I'm really ugly and it's causing some severe anxiety and I'm about to lose my job, I can't afford theraphy but as soon as I get out of my house I get anxious and scared and dizzy I can't to to people face to face, not even males. I get called ugly day in a day out by everyone (yes this actually did happen I did not imagine it) and this happened enough times and little by little my anxiety grew to this point.
Before you answer:
- Yes looks do matter and they either make you or break you in dating
- no confidence on a ugly guy is NOT sexy
- I already work out
-Cant afford theraphy
- yes all people are shallow
Most Helpful Girl
As someone who feels I could have written this myself (except as a female) I understand how you feel. I'm kind of shocked given your profile photo, but I don't want to doubt your story. I know how it feels to talk about something you go through only to have people not believe you.
It's something I'm still trying to accept as well. I used to have anxiety as bad as yours, but I've been working on it. It's only mild now, but I still get anxious when I have to meet people. I am terrified they are going to judge me for how ugly I am.
The thing is, I got scared of the fact that I was wasting my 20s. In September I am going to be 29. Most of my 20s I spent it hiding away, or else just going to work and then just walking around at night or hiking alone during the day. I pushed any friends away that I had, and I didn't have many to begin with.
Lately though, I've realized I don't want to waste my life anymore. This summer I've been doing things that I've been wanting to do. It's hard, and sometimes I have to convince myself to do these things. It's getting easier though. I've never had a boyfriend, and that is something that really bothers me. I doubt I ever will, so instead of feeling depressed about being lonely I've just been doing everything I enjoy on my own.
The comments hurt, and I still get them but I remind myself I'll never see these people again. I have to keep reminding myself that there is more to my face. There are some people who do like me despite that, so I just focus on them and not the ones who feel the need to insult me. I basically have to take it by day.
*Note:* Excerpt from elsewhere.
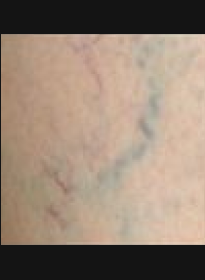 Laser-Vein-Treatment-before Houston Wellness & Aesthetics|Before and After Gallery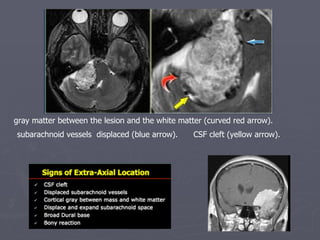 gray matter between the lesion and the white matter (curved red arrow).  subarachnoid vessels  displaced (blue arrow).  CS...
It's hard but when I remind myself how I spent my early to mid 20s, it motivates me to get out more. I am not young anymore, and I don't want to waste my 30s. You just need to keep convincing yourself of what it more important. You have to take it by day. It's not an easy fix. You won't wake up tomorrow and want to go out and face people. You'll have to convince yourself every time, but you'll get to the point that you can do it. There was a time when I had no job and I was about to lose everything because I couldn't leave the apartment.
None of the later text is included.